Over the four years to early 2007, corporate earnings rose to a high, and the stock market more than doubled from its 2003 low as exports boomed on demand from China and the US. Corporate governance improved; dividend payouts and share buy-backs achieved record levels. Company balance sheets piled up with cash after years of restructuring, and foreign ownership of Japanese shares hit a historical peak of 28 per cent.
By then I had my hopes up again. It was the last time.
IN OCTOBER 2008, the benchmark TOPIX stock-price index skidded to a twenty-six-year low, down three-quarters from its peak of nineteen years earlier. Then, I had believed stock markets in developed economies experience peaks and troughs but generally trend upwards over time. Japan turned out to be an exception, with the nadirs of 1992, 1998, 2003 and 2008 all lower than the one before, the market smouldering endlessly but unable to ignite. And no economist or stockbroker can quantify the spiritual rot that set in somewhere along the way.
Our little company – small but perfectly formed, my business partner and I used to joke – had seven employees at its peak but by last year was reduced to the two of us. In October, the decision to liquidate our sole fund was made for us: after ten years' slog, we had to salvage what we could. We resolved to distribute what was left of the money to unit holders, and let the screen go blank.

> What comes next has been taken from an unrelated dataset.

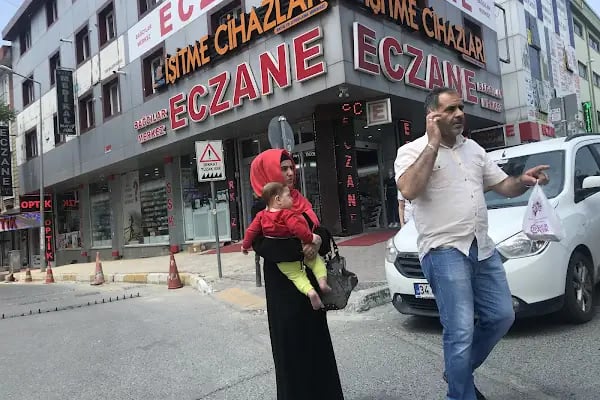 Bağcılar Merkez Eczanesi - Resim 16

In March 2009, the Tokyo stock market ebbed to yet another low for the quarter-century – below even the level recorded last October – before rebounding a little. GDP growth for the first quarter of 2009 was minus 15 per cent, the worst result since World War II. The OECD is expecting Japan's gross public debt to increase to double its GDP in 2010.
The Nobel economics laureate Paul Krugman wrote recently, ‘Japan's lost decade – yes, growth was slow, but there wasn't mass unemployment or mass suffering – is actually starting to look pretty good.' True, depression was averted; but mass unemployment and mass suffering still lie ahead if Japan can't address its low return on capital, ossified political institutions and anaemic domestic-consumption growth. An American friend – a long-time Tokyo resident now married to a local – told me Japan has become a ‘can't-do culture'. He's relocating to San Francisco to ensure his infant son has more opportunities than Japanese boys.
Six months have passed since I ended my association with Japan. I'm puzzled by an absence of emotion: some of the stoicism and resignation of the Japanese has rubbed off on me. I am desensitised to crisis. Whatever regret I might have felt is offset by relief that I'm back home and not broke. I'm out.